The Corps of Engineers has been commissioned by the Government of Pakistan to undertake massive civil engineering projects by designing and building the Karakoram Highway which, in 1960s in Pakistan, was the largest public works initiative in the country that connected China and Pakistan across the Himalayas mountain range, through the Khunjerab Pass, at an altitude of 4693 m as confirmed by both SRTM and multiple GPS readings. During the Kashmir earthquake in 2005, the Corps initiated the massive and one of the largest rehabilitation and reconstruction operations in Corps history, rebuilding and redesigning the entire cities of Gilgit and Muzaffarabad as well as Azad Kashmir. Its speedy rehabilitation operation was completed in record time and the entire city was rebuilt in 2008. As more recently, the Corps undertook the intensive rehabilitation and reconstruction operations in deluge in southern parts as well as recent earthquake in Western parts.
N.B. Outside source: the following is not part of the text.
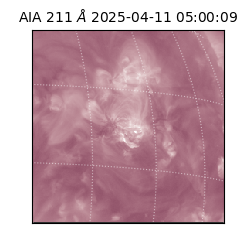 saia - 2025-04-11T05:00:09.626000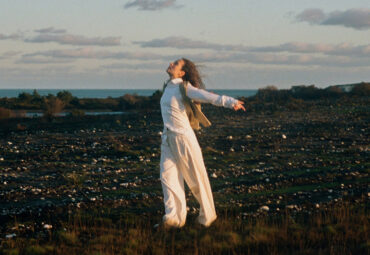 Heron - Alice Merton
Since its inception, the Corps has built extensive military and civilian infrastructure of Pakistan Armed Forces as well as Pakistan Government, ranging from building bridges, dams, military regional headquarters and civil corporate architectural buildings. The Corps mission has been extended with time passes, and is renowned to have designed, construct, and built the GHQ, ammunition plants, regional army headquarters, as well as supporting the nuclear weapons program related national defense's weapons laboratories and its related test sites.